The AURA Project Data Store was designed to be a distributed, scalable, reliable data store that could be used as a repository for item data and metadata as well as user information and attention data that could be used by recommenders for various item types. Our aim is to be able to store information about millions of items and potentially billions of attention data points.
The AURA Project Data Store is composed of three parts:
- One or more data store heads. A data store head is used by clients of the data store to write data to the store and run queries against the stored data.
- A number of partition clusters. A partition cluster represents a partition of the data held by the store. The data is partitioned via a hash function.
- A number of replicants. A replicant is responsible for actually storing and searching the data in the data store. A single replicant is made up of a key-value store and a search index built using the Minion search engine. A single partition of the data will be stored in multiple replicants to provide reliability.
You can see how these parts are organized in the diagram below.
A data store is started by starting each of its separate components. Each component of the data store finds the components to which it should be connected using a Jini Service Registrar. For example, a partition cluster will search for data store heads with which it should register itself. There is no global configuration for the data store, only configurations for the individual pieces.
The data store is meant to maintain itself, so each component of the data store continuously monitors the service registrar, noting when components of the data store are added or removed, and acting accordingly. For example, if a replicant sees that the partition cluster responsible for it disappears and then re-appears, it will reconnect itself to the partition cluster. The Data Store relies on the underlying grid infrastructure to help restart services when they terminate unexpectedly. All of this means that failures are self-correcting for the most part. Our aim is a data store that is hard to shut off.

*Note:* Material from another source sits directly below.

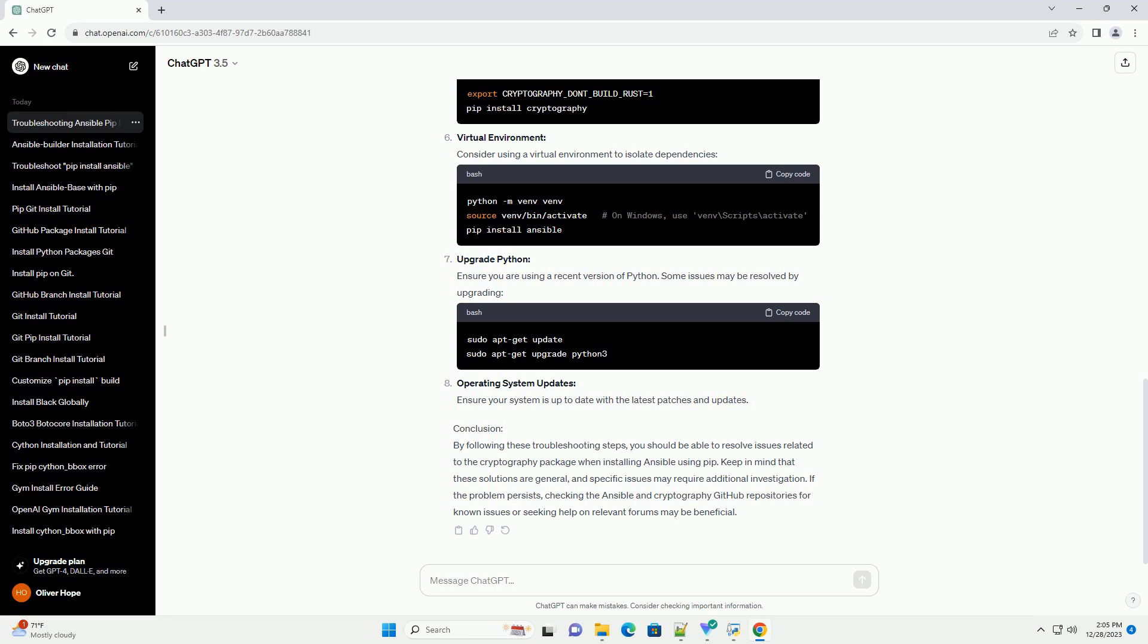Troubleshooting Steps: Check System Prerequisites. Ensure that your system has the necessary build tools and dependencies to compile cryptography. On Debian/Ubuntu, you can install them using. On Red Hat/Fedora, you can use.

The data store is also meant to grow itself as necessary. When a replicant begins to get too full (i.e., when queries against the replicant start to take too long), the partition cluster undertakes the task of splitting the replicant into two new replicants. Once a replicant has been split in two, a new partition cluster can be started to manage the new replicant. All of this can be done while the Data Store is under load, so it's never necessary to stop the Data Store (and the clients using the Data Store!) to add more capacity.
To give you some idea of the scalability of the current Data Store, The Music Explaura is supported by a 16 replicant Data Store that is capable of handling more than 14,000 concurrent users performing typical music recommendation tasks with sub-500ms response times at the client.